Don’t execute Brian Dorsey. His flat-fee lawyers had all the wrong incentives | Opinion

Brian Dorsey was sentenced to death in a double homicide in Central Missouri. Over 70 corrections staff supported clemency, citing his perfect prison record.

There is a reason that Missouri no longer pays its public defenders a flat fee in death penalty cases, and his name is Brian Dorsey.

Dorsey, who got exactly what Missouri paid for — not much, in other words — in the way of legal counsel, will be executed at 6 p.m. on Tuesday unless Gov. Mike Parson or the Supreme Court intervenes.

Has the condemned man ever coached football like Brett Reid, whose sentence Parson recently commuted, you ask? Nope, though Dorsey’s 99-year-old high school football coach is beside himself over the situation. And Dorsey can’t count on the governor to listen to his own employees.

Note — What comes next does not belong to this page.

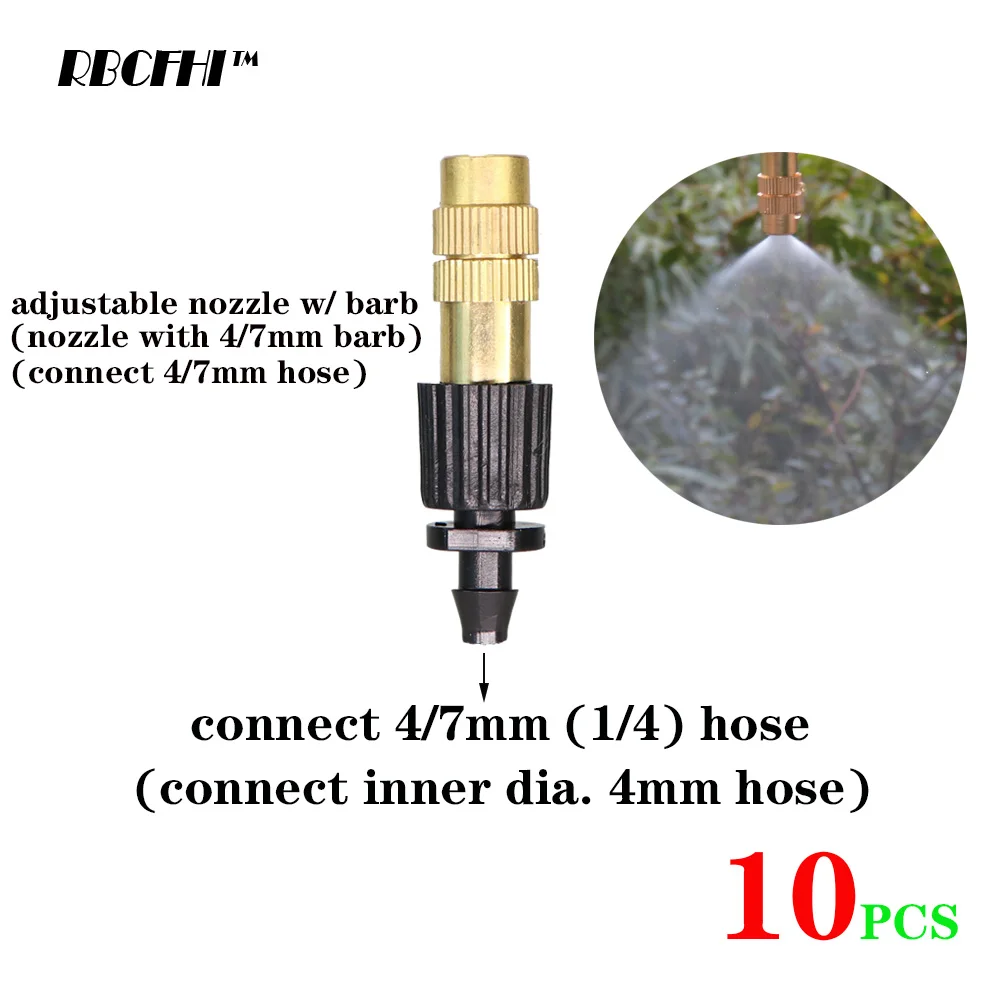 Micro Drip Irrigation Misting Brass Nozzle Garden Spray Cooling Parts Copper Sprinkler with Connector 10PCS 5 Types garden sprinkler plants irrigation kits drip irrigation spike garden irrigation nozzle drip irrigation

Out of fashion as mercy is right now, those supporting Dorsey’s petition for clemency include five jurors, over 70 corrections staff, three Republican state representatives and the former Missouri Supreme Court judge who in 2009 upheld Dorsey’s 2008 death sentence

Corrections staff believe that Dorsey, a model inmate and beloved prison barber, has shown so much remorse and rehabilitation that he deserves to live.

But the legal case for sparing him is if anything even more compelling.

That’s why his current lawyers have reason to hope the Supreme Court will stay his execution and weigh whether the flat fee his “financially vulnerable” baby lawyers pocketed in return for shockingly little work, inherently put their interest — since they were paid the same no matter how many hours they worked on the case — in conflict with the best interests of their client, to his clear detriment.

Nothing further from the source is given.